Literary settings can be tricky to get right. Too many details and you can bore the reader or stifle their imagination. Too little and the reader may form a false or unclear picture in their mind. And then you can get the amount of detail right, but end up with incorrect, implausible, or inconsistent details!

Macro-level and micro-level literary settings

I like to divide setting up into macro-level and micro-level features.

Imagine a kitchen in a regular suburban house with a hob, dishwasher, counters etc. Now, imagine the same kitchen as a room in a spaceship. Most of the micro-level details are the same. There’s the same bowl of fruit on the table, and the same instructions for using the oven. But if you look out the window, you see something completely different, and the macro-level (social, cultural, political) frame of reference is completely different too.

Macro-level features include the overarching frame of reference (e.g. the kitchen is on a space arc after Earth was rendered uninhabitable). Meanwhile, micro-features are about the little details (e.g. I’m holding a fork and have just applied a bottle of cosmic-ray sunscreen to my face).

Clearly, the macro-level and the micro-level join up, but it helps to consider them separately.

This post will focus on the micro-level.

3 common problems when creating immersive settings

Problem 1: Unclear setting

One extreme is unclear setting. Here, the setting barely features in the story and everything feels like is happening in an indistinct place, like on a cloud. The author may have forgotten to include a couple of sentences explaining where the action is happening – and this lack of information can create a blurry or mistaken picture in the reader’s mind.

Here’s one example I made up:

Ollie ran as fast as she could, but she couldn’t outpace the Pracian scouts. Her wheezing intensified as she inhaled the thick, musty air. Left or right? She dove to the right and continued, then paused briefly and hoped that her silence would conceal which path she had taken. One, two, three … the Pracian scouts reached the fork and went down the left passageway. Phew! She breathed a sigh of relief and then continued, moving deeper into the caves.

Here, we don’t find out enough information about the setting to build a picture in our minds until the end of the last sentence.

What image was in your mind when you started reading?

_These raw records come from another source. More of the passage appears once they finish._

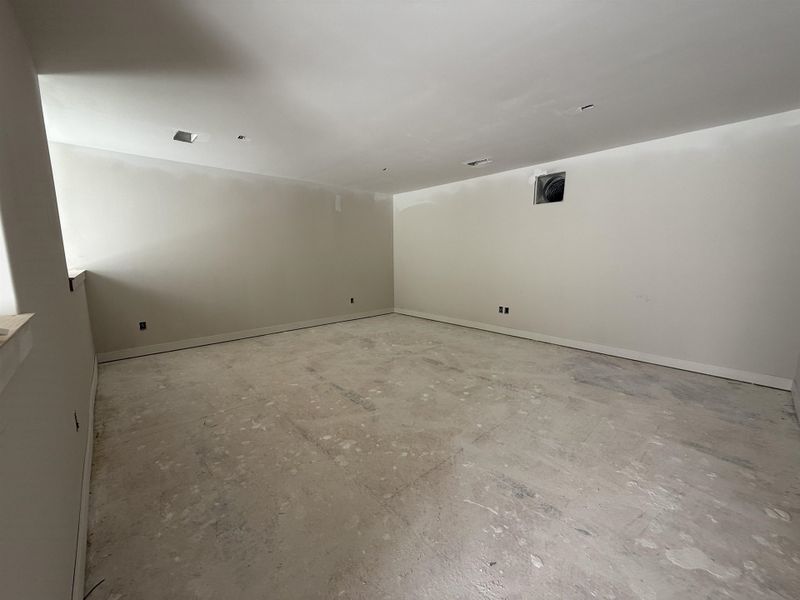 Empty room featuring baseboards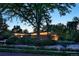 Serene evening view of a brick home featuring an expansive front yard and mature trees at 101 S Humboldt St, Denver, CO 80209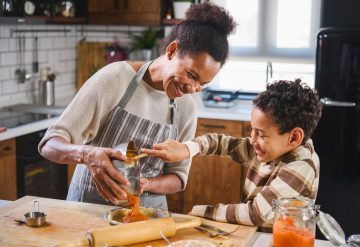 Mother and son baking together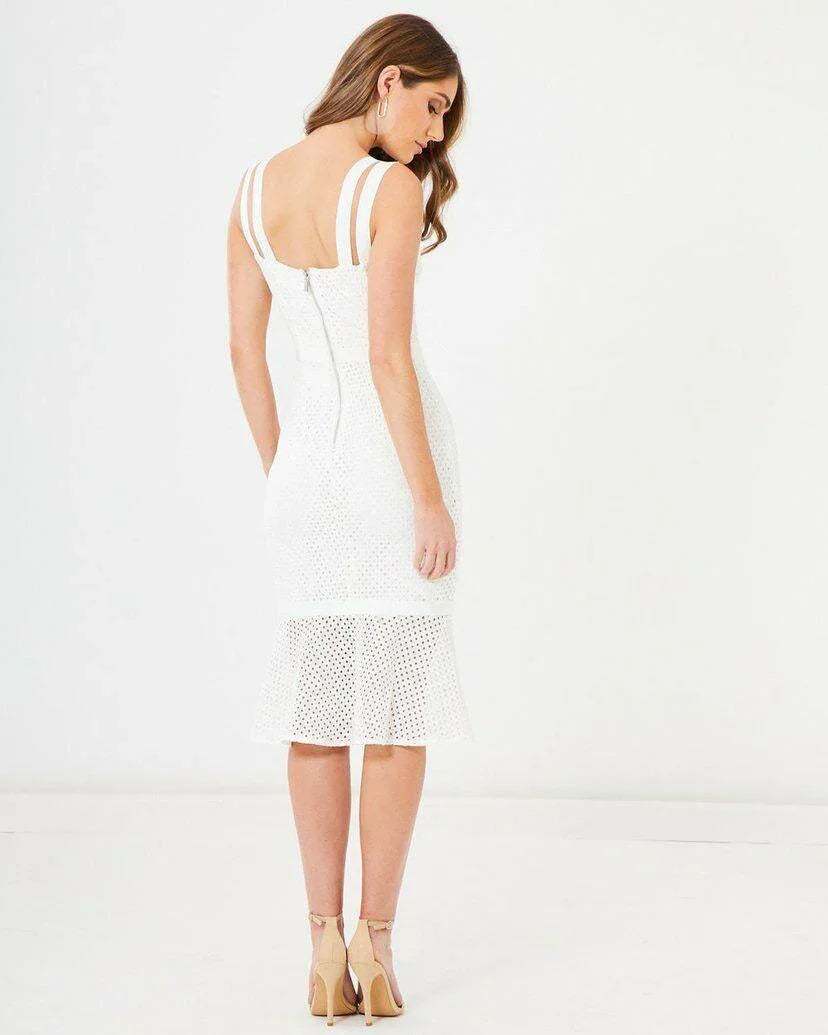 Woman wearing a white lace midi dress with double shoulder straps and flared hem, back view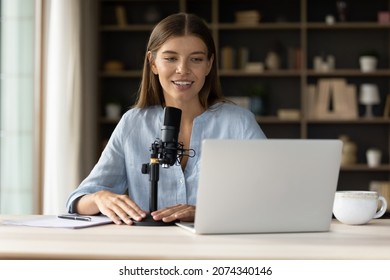 Happy Attractive Young Professional Female Blogger Talking In Stand Microphone, Voice Acting Or Recording Video, Looking At Laptop Screen, Communicating In Social Network Or Vlogging Online.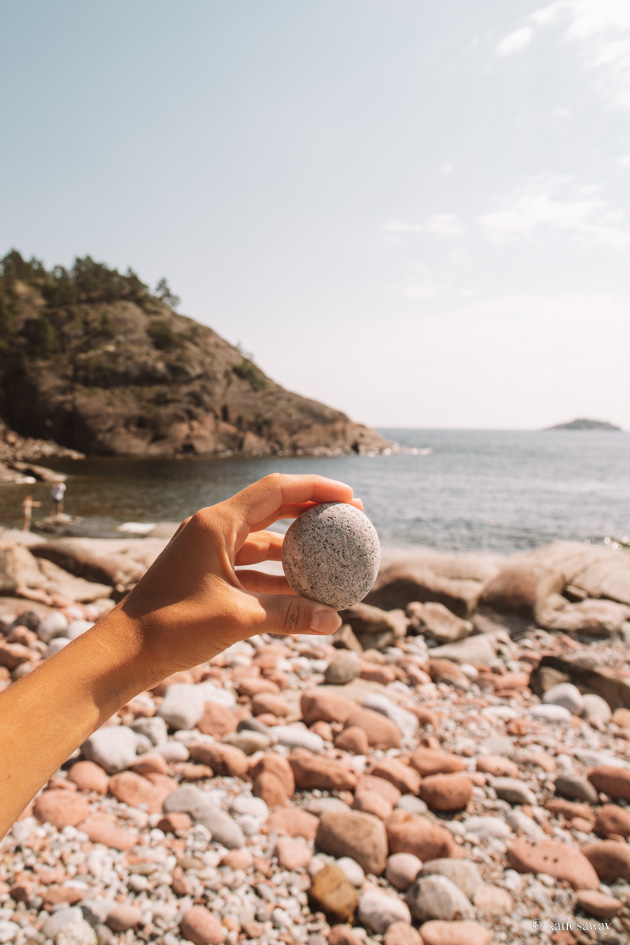 hand holding up one of the spherical rocks on storviken beach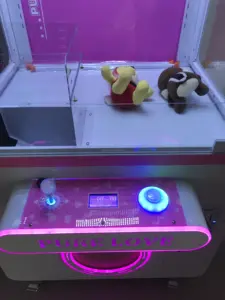 Mainan yang dioperasikan koin mesin permainan penangkap boneka Toda mesin cakar derek arcade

I’m curious to see what imaginary setting you invented, so please drop your answer in the comments!

Very occasionally, unclear setting can be a desired effect, for example, if you are writing literary fiction and have a wider point you want to make.

How to resolve unclear setting

Unclear setting can usually be resolved with just a few extra details drip-fed to the reader. If you tell the reader the scene is taking place in a café, then the reader can already build a picture in their mind. A few more details may help. 'A dull chain coffeeshop with watery coffee' conjures a very different image to a 'chic Italian coffeeshop with whisky-barrel-aged, artisan coffee' – and the choice may tell us something about the protagonist's personality or mood too.

So short, jam-packed descriptions combined with objects (let’s call them ‘props’) shaken in will go far.

What do your characters eat and drink, what do they use for money, for clothes?

Certain props conjure up a setting or moment. And if they are vague (e.g. biscuits, crisps) then the reader won’t feel like they are in a different environment. This was one comment I received from my developmental editor – I created a storyworld set in Earth’s distant future, which included beverages and food items that would be common in a Western 2020s setting (e.g. herbal teas and lavender biscuits). Getting these markers of difference right is really important for science fiction especially!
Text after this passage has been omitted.